Back in February 1984, A.Q. Khan, the self-styled father of Pakistan's nuclear program, made a phone call to the editor of a major Pakistani newspaper. Khan had a simple message to convey. "The Islamic bomb," he told the editor, "is a figment of the Zionist mind."

Of course, the Islamic bomb turned out to be all too real. Khan himself was eventually exposed as the key node in a secret network which facilitated the development of nuclear weapons among rogue tyrannies like Libya, Iran and North Korea. As someone embedded in the clandestine trade of weapons of mass destruction, he could hardly be expected to be anything other than deceitful. But what is striking, for our purposes, is the phrase Khan deployed to communicate his lie.

To talk of a ‘Zionist mind' is to merge conspiracy theory with psychobabble. The ‘Zionist mind' fabricates an Islamic bomb because ‘Zionists' invent enemies where none exist. And they do so because ‘Zionists' are bent on global domination, rarely by fair means, almost always by foul ones.

Khan's phrase provides a window onto a universe where language and meaning bear no relation to context and reality. A formulation like the ‘Zionist mind' emanates from the same antisemitic tradition as the notorious Tsarist forgery, The Protocols of the Elders of Zion, which details a Jewish conspiracy to take over the world. That the allegations contained within The Protocols and similar works are demonstrably false - indeed, utterly ridiculous by the standards of any rational enquiry - is besides the point. What matters is the extraordinary appeal and remarkable persistence of a worldview which places a small minority - call them Jews, or rename them ‘Zionists' - at the center of a global plot. The ‘Zionist mind' is just one of several ways to express an abiding theme of modern antisemitism: that of ‘Jewish power' lurking in the shadows, a force so strong that it overpowers everything else.

There is, though, an important historical evolution to account for here. When The Protocols first appeared during the early twentieth century, there was a vast distance between Jews as a people on the one hand and what could reasonably be termed power on the other. In an era of declining empires and brutal wars, and in an environment where the demand for national self-determination was the driving force of politics, the Jewish people were essentially stateless, powerless and, in many of the places where they lived, actively persecuted.

But by the time A.Q. Khan spoke of the ‘Zionist mind', that was no longer the case. With the creation of the State of Israel in 1948, the Jewish state took its place within an international system based upon sovereign states. On the domestic front, Israel, a democracy from the outset, shared the features of other states, among them a parliament, a government and an army.
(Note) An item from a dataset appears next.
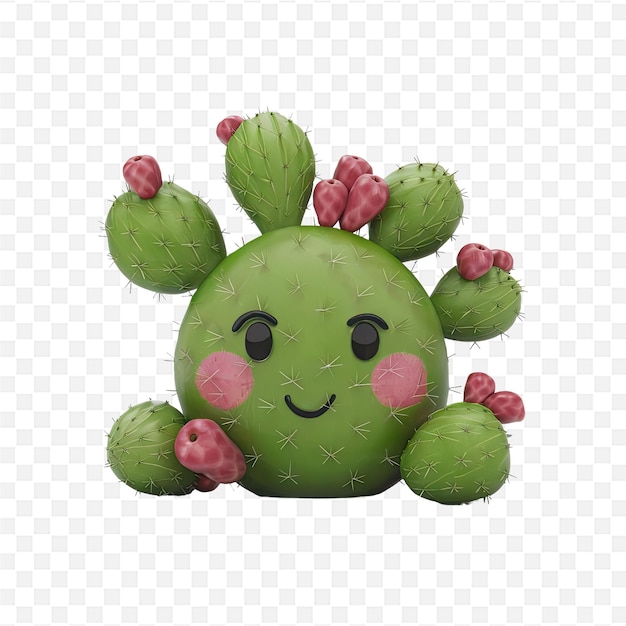 PSD a cute green cactus with pink flowers on its face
Internationally, Israel's legitimacy was enshrined in its membership of the United Nations - even if, as a result of the refusal of states in the Arab and Islamic world to recognize it, it wasn't quite equal to the other states in the world.

The overriding point, though, is this: Israel presented the Jewish people with an opportunity to become empowered in the form of an independent state. An opportunity, in other words, to be like everybody else. Leo Pinsker, one of the early Zionist thinkers, put it thus: "(G)ive us but a little strip of land like that of the Serbians and Romanians..." Looked at from this perspective, Zionism, the movement to build a Jewish state, was a thoroughly modern solution to the centuries of persecution which reached its nadir with the Holocaust.
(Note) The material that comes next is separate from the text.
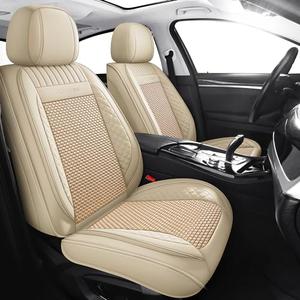 Chezope Car Seat Covers Full Set, Beige Leather Seat Covers, Breathable Front and Back Car Seat Protectors, Wear-Resistant Seat Covers Universal Fit for Most Cars SUV Truck (Beige-Stripes-B, Full Set)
At the same time, the arrival of a Jewish state did not herald the end of suspicion and hatred towards the Jews: history is rarely so simple. For antisemites, the new age of Jewish empowerment provided, for the first time, a tangible symbol of the timeless, nefarious connection between Jews and power. Until this point, the conspiracy theorists determined that Jews had exercised their power from the shadows, lurking in merchant banks or agitating through revolutionary parties. With the advent of the State of Israel, there was now a visible center of Jewish power, and the conspiracy theorists detected its influence extending across the globe, and especially to the United States.